* _What you need to do_
In the listing below, find the line that contains "۱۰ تهدید در کمین خریداران آرامکو" and the line that contains "Pro Brow Definer". Quote both and every line between them, exactly, and nothing more.

* _Extracted entries_
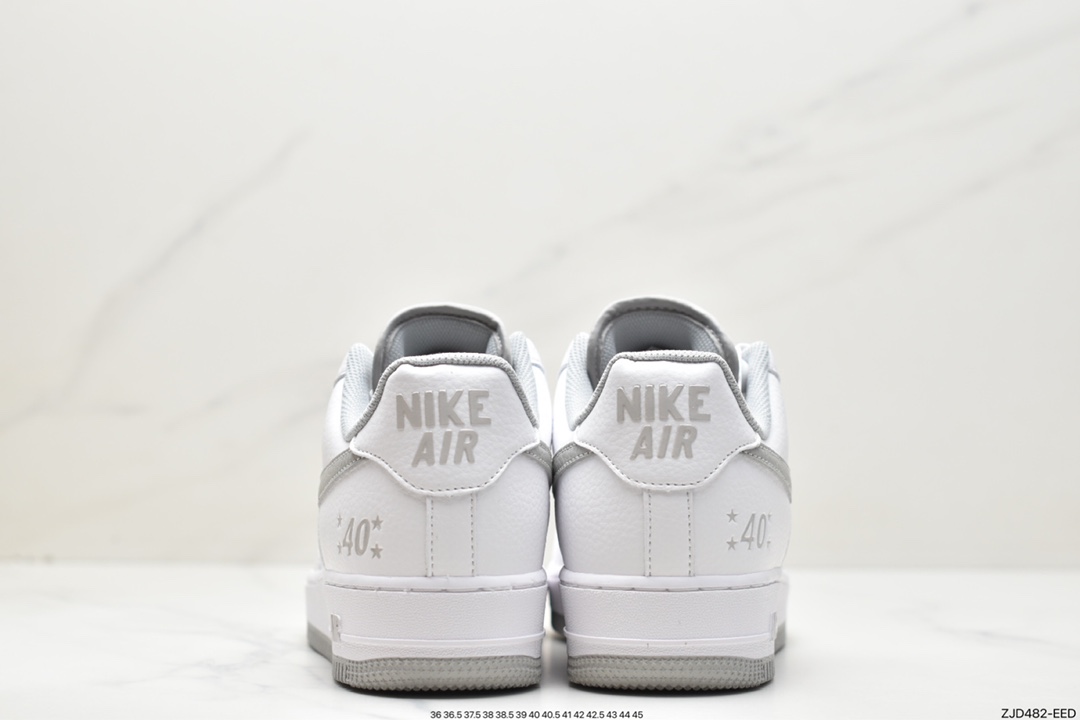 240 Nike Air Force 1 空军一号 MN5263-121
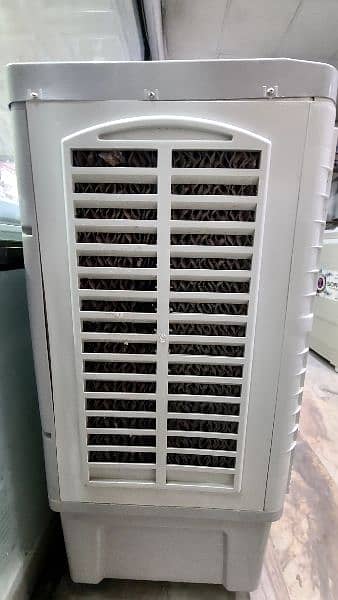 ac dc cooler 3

* * *

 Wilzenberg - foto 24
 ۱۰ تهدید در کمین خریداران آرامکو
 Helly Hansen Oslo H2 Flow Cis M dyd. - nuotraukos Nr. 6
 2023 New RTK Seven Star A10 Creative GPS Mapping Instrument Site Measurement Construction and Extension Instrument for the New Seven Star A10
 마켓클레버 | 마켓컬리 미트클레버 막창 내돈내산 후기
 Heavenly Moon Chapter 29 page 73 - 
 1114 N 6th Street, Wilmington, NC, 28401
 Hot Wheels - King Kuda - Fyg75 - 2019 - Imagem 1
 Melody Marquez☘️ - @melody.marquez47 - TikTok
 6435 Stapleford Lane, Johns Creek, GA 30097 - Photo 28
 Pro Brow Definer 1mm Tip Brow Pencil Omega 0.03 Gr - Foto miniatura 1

* _Written solution_
 ۱۰ تهدید در کمین خریداران آرامکو
 Helly Hansen Oslo H2 Flow Cis M dyd. - nuotraukos Nr. 6
 2023 New RTK Seven Star A10 Creative GPS Mapping Instrument Site Measurement Construction and Extension Instrument for the New Seven Star A10
 마켓클레버 | 마켓컬리 미트클레버 막창 내돈내산 후기
 Heavenly Moon Chapter 29 page 73 - 
 1114 N 6th Street, Wilmington, NC, 28401
 Hot Wheels - King Kuda - Fyg75 - 2019 - Imagem 1
 Melody Marquez☘️ - @melody.marquez47 - TikTok
 6435 Stapleford Lane, Johns Creek, GA 30097 - Photo 28
 Pro Brow Definer 1mm Tip Brow Pencil Omega 0.03 Gr - Foto miniatura 1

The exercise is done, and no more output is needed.